As another example, Obama in his post-election comments expressed support for a corporate tax holiday.  Such a corporate tax holiday – or repatriation – would allow companies with profits overseas to bring them back to the United States at a reduced tax rate.  His underlying motive wasn’t common-sense reform so much as the belief that the revenues could then be used for federal infrastructure spending.  But as a Congressional committee report found, tax holidays did not achieve that end, as confirmed by the experience of a previous tax holiday in 2004.

As these illustrations make painfully obvious, the bottom line is that our policymakers fail to understand the broader problem that hinders America’s economic growth and global tax competitiveness.
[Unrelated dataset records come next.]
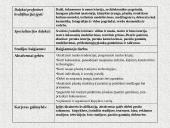 Vilniaus kolegija 13 puslapis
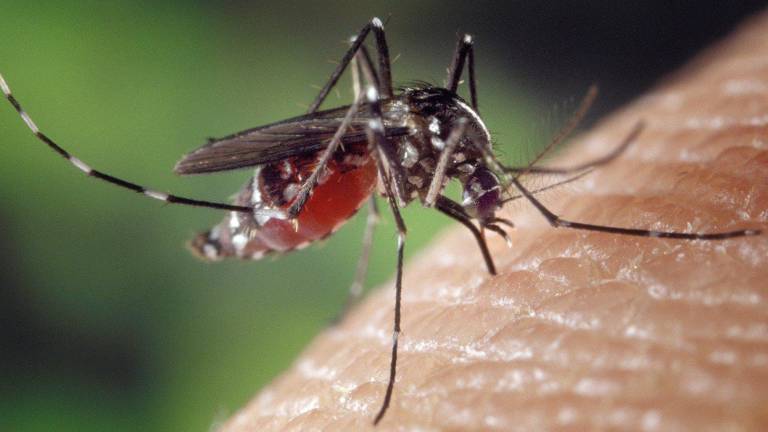 Tipps gegen Stechmücken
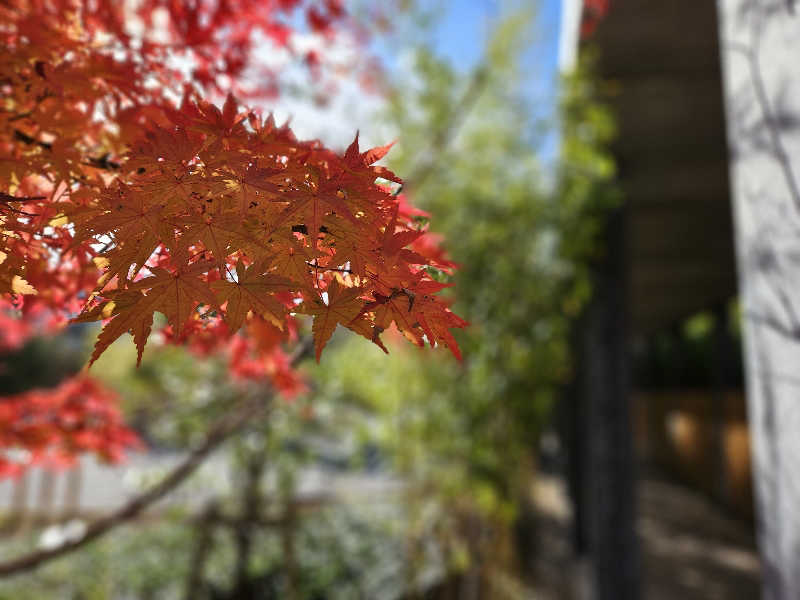 かかさんの木の花の湯(HOTEL CLAD)のサ活写真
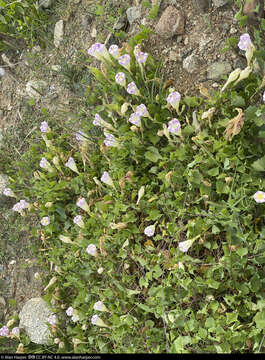 Image of Ipomoea jicama T. S. Brandeg.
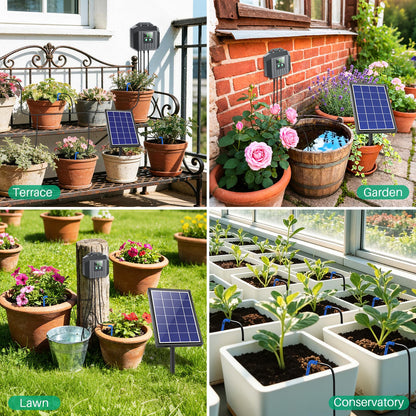 NFESOLAR 4W Solar Drip Irrigation Kit for Outdoor Indoor Plants, Customizable Watering Duration 1–30min & Interval 3h–7d, Solar Irrigation System for Garden Patio Balcony Vacation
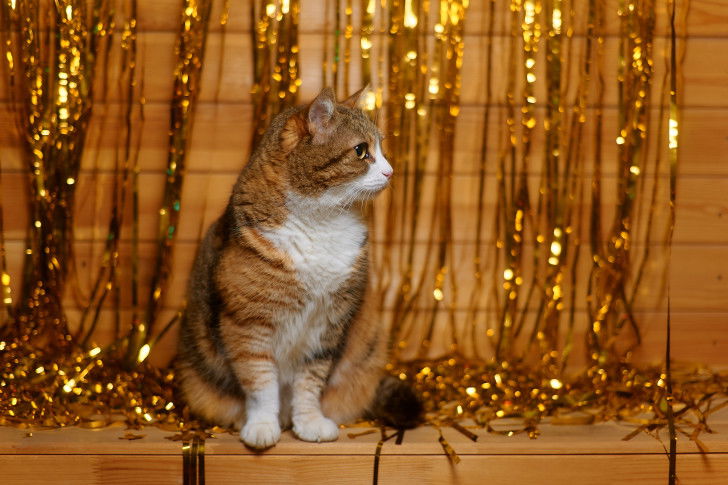 Un chat tricolore devant des décorations de fête
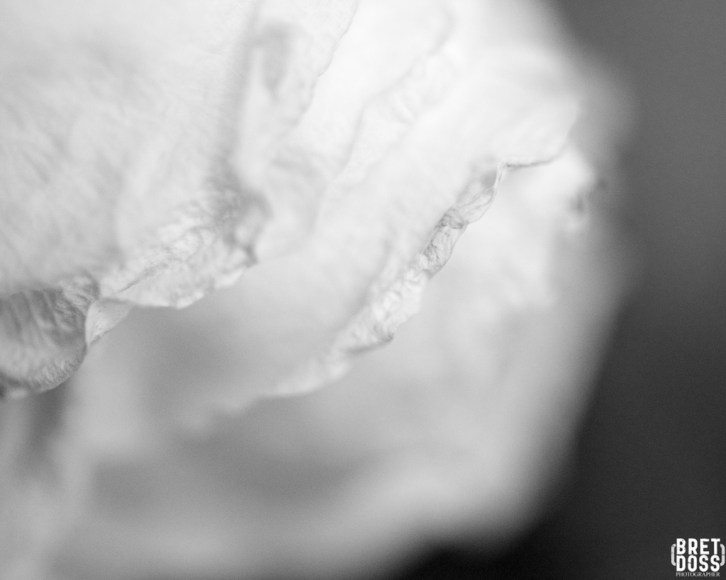 Faltering Roses New Years Day © Bret Doss 2015 5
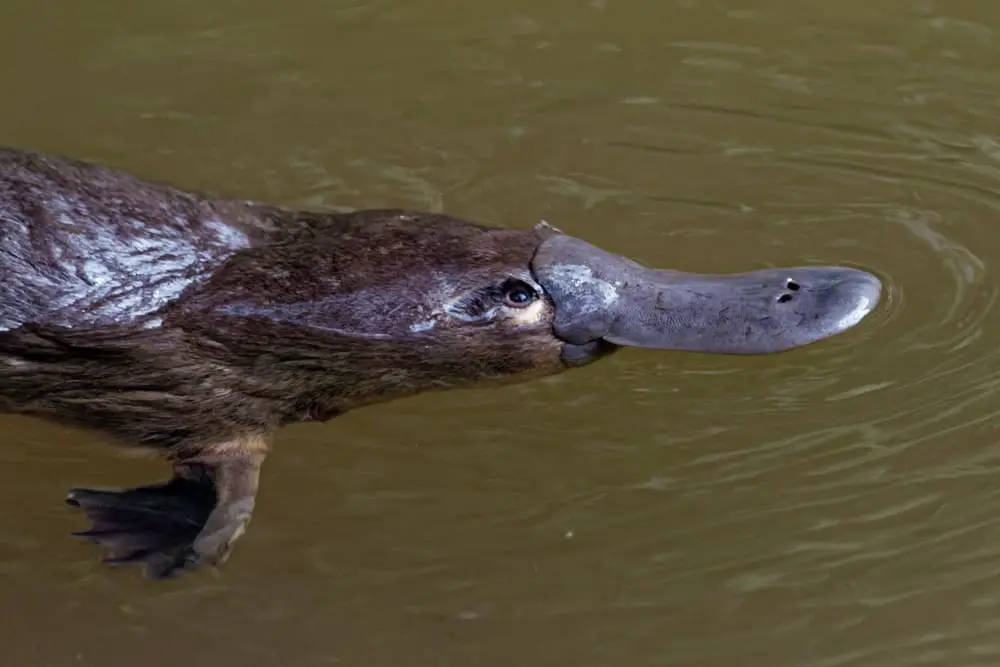 What Are The Predators Of The Platypus?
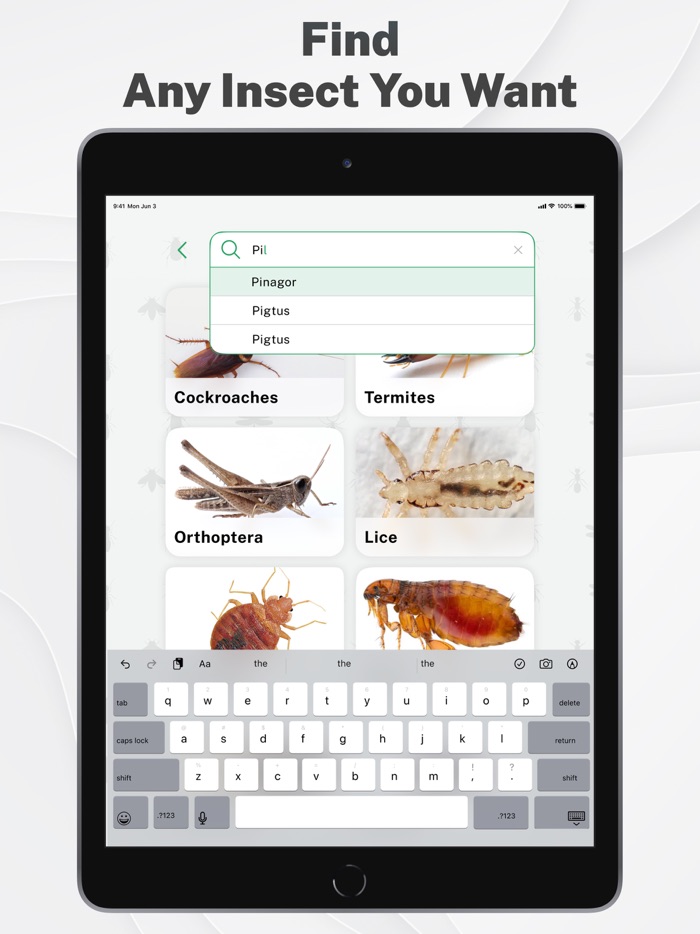 Insects and Bugs Identifier ID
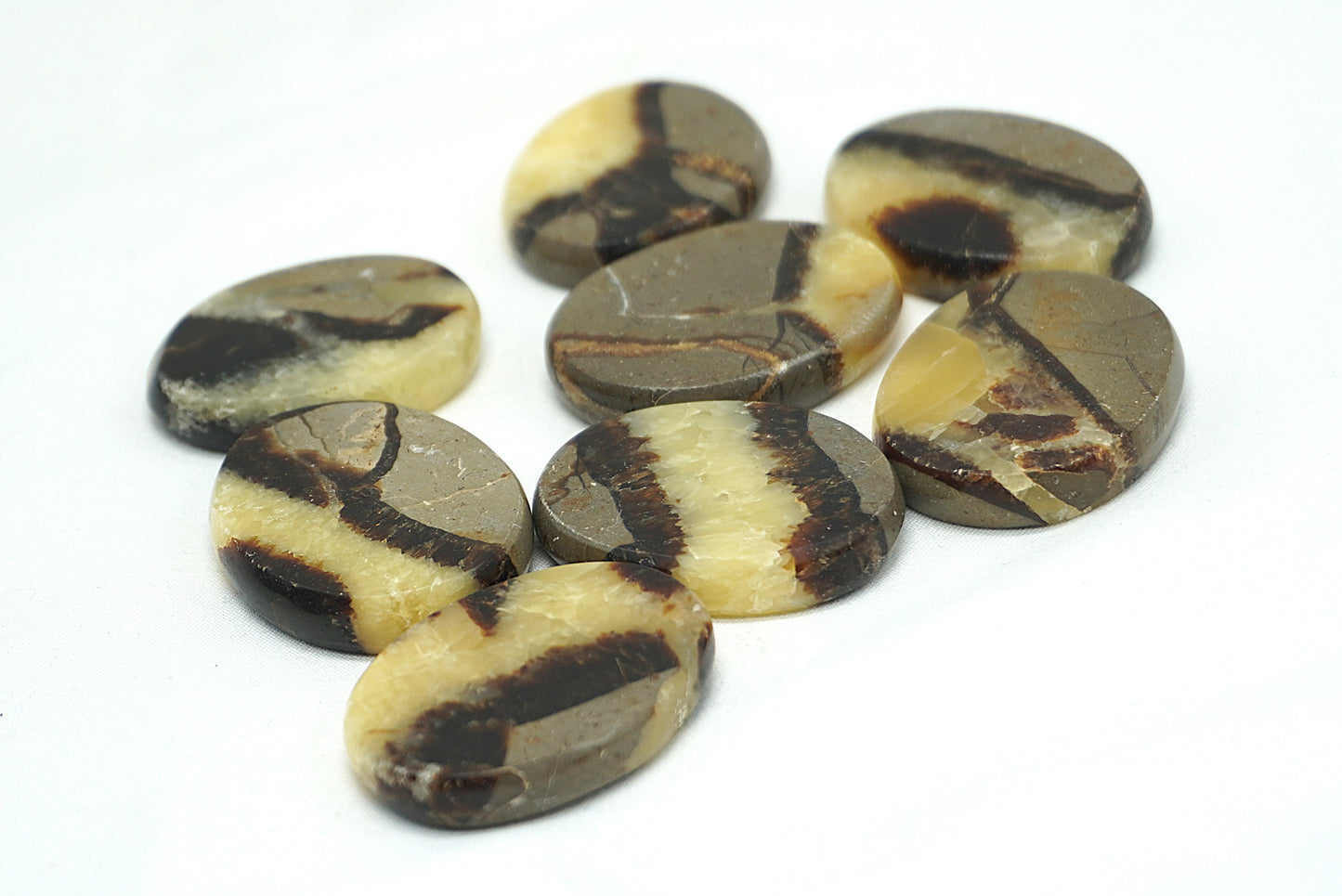 GALET PLAT SEPTARIA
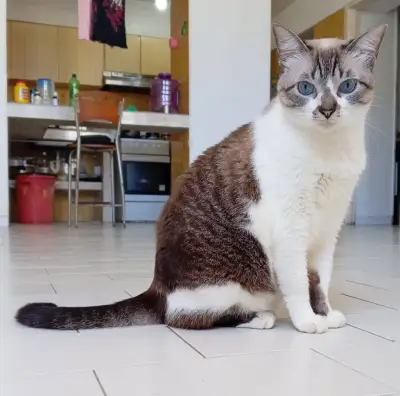 GALA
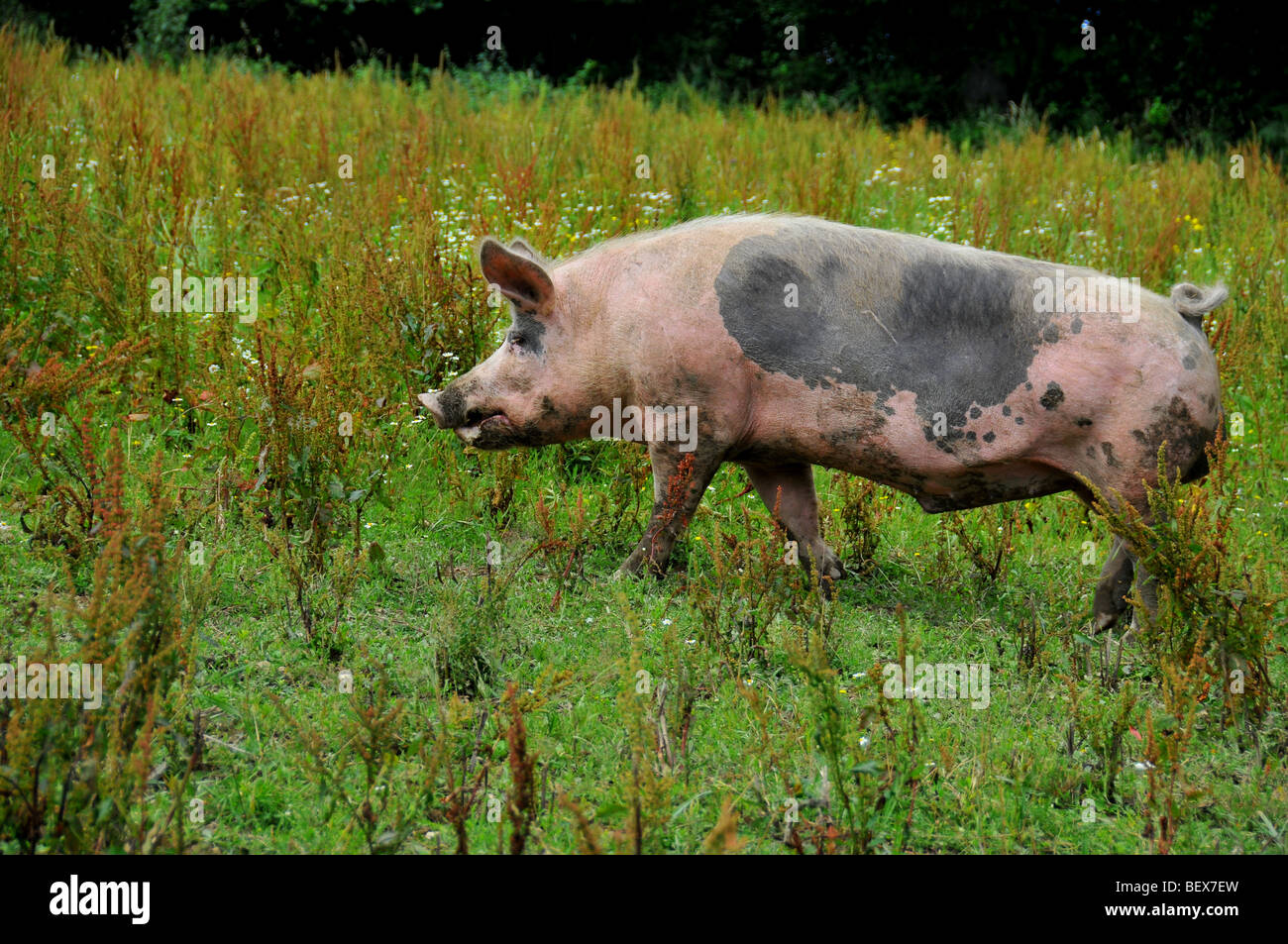 free range pigs :  a pig male free in an outdoor breeding site in a brittany bio farm Stock Photo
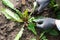 Worker dig weeds dandelions in vegetable beds, gardener keeps weeds and gardening tool  in black soil background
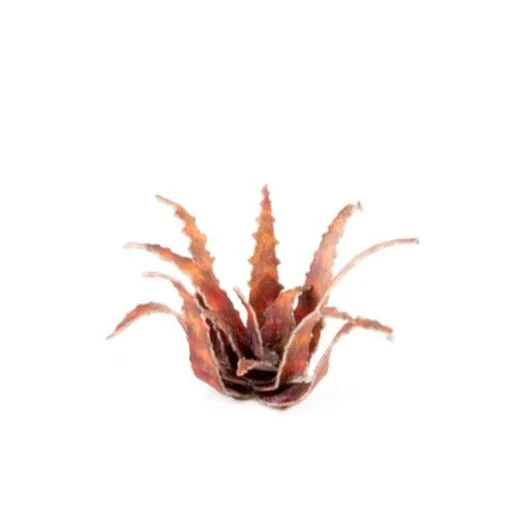 Gamers Grass GGLP-RA Laser Plants Red Aloe - Image 4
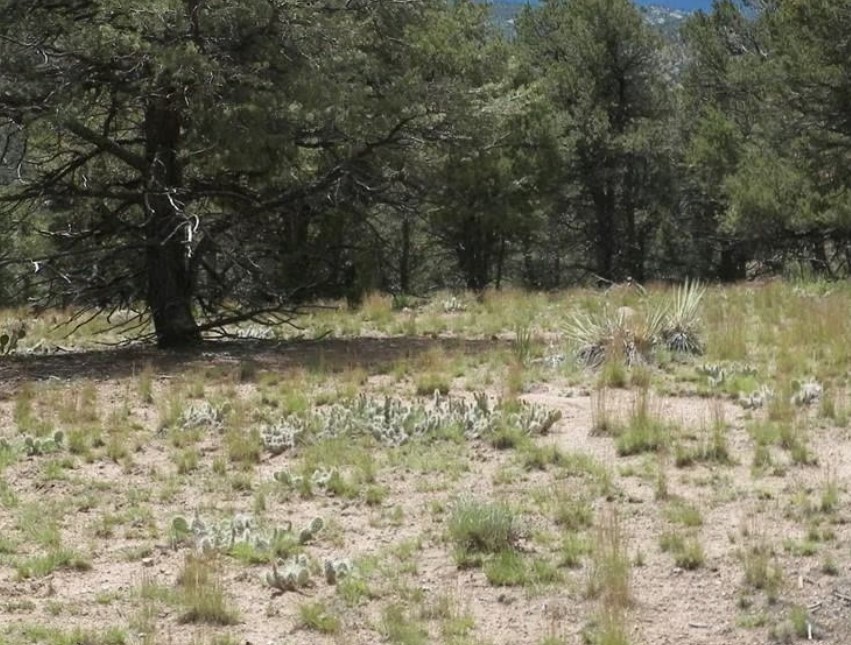 Land for Sale in Dolores Colorado 81323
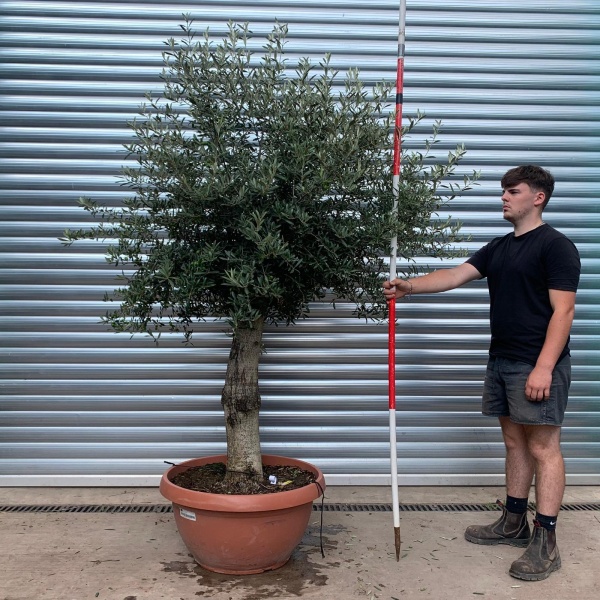 Lovely Mature Specimen Olive Fruit Tree in our Bowl Format 20012
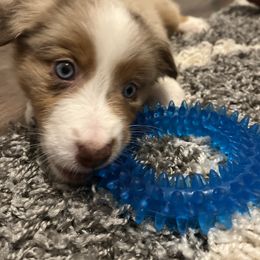 Australian Shepherd Puppies from Southern Sky Aussies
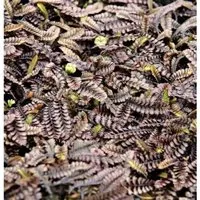 Feines Fiederpolster - Leptinella potentillina
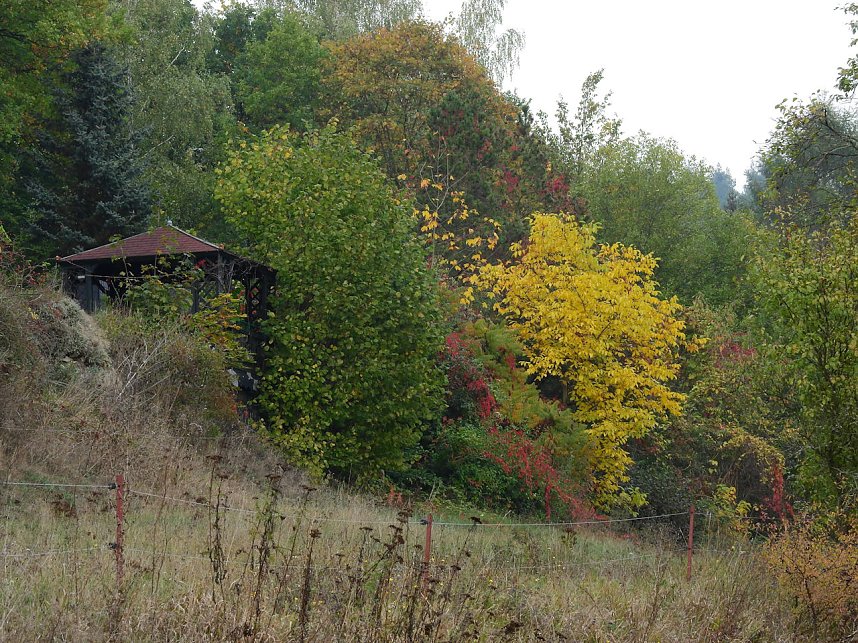 Unterwegs in und um R&uuml;disgdorf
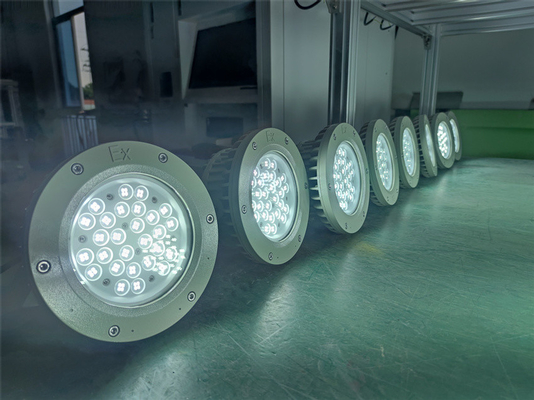 Ex Proof High bay Light 180lm/w ATEX odporny na korozję IP66 Led Outdoor Ceiling Light 50W-250W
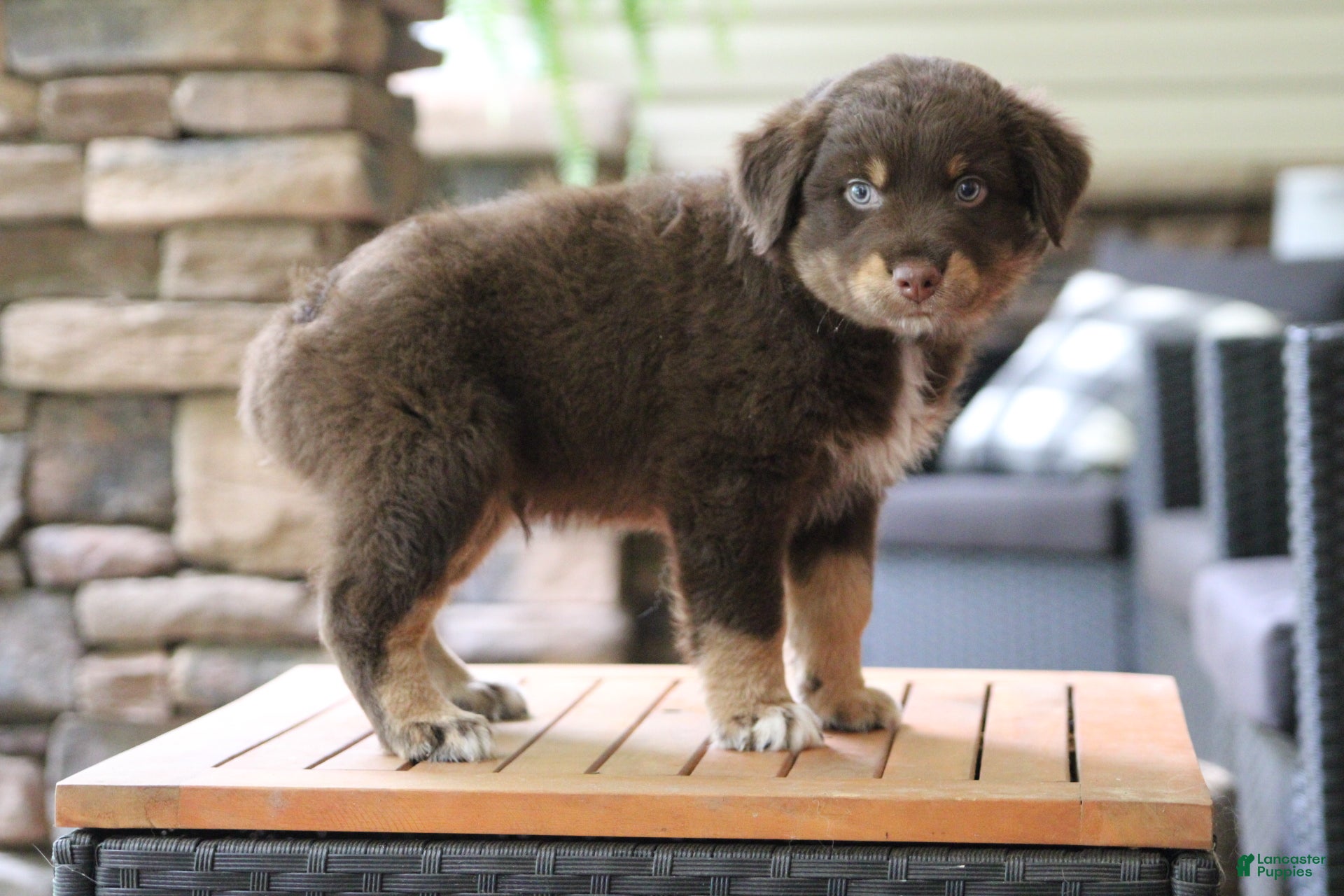 Australian Shepherd dogs forrest - Ad 2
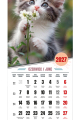 5904257476142_SZESCIOPLANSZOWY-PREMIUM-spirala_kociaki-srodek_small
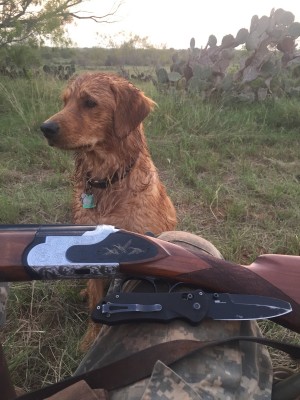 Dove hunting.jpg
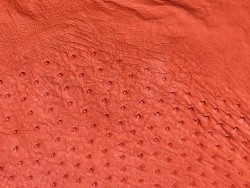 Peau de cuir d'autruche rouge corail - picots luxe - Cuir en stock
Fortunately, with the new Congress we now possess an excellent opportunity to make real progress, an opportunity to enact broader tax reform.  With a more simplified and competitive corporate tax code, we would add roughly 540,000 jobs and increase our national gross domestic product by $92 billion through 2032, according to a Heritage Foundation Report.  In addition, not only would we remove the obstacles that currently drive American companies (and the jobs they create) abroad along with their profits, but we would make the United States an even more attractive place for companies all over the globe to relocate and invest.

Finally, it should be noted that this is not an issue constrained by traditional political divisions, a typical divide between the left and the right.  Rather, it’s an issue that offers the opportunity for bipartisan and commonsense reform.  Accordingly, there’s no excuse not to finally get it done, thereby improving our economy, boosting jobs and making our code competitive with the rest of the world at long last.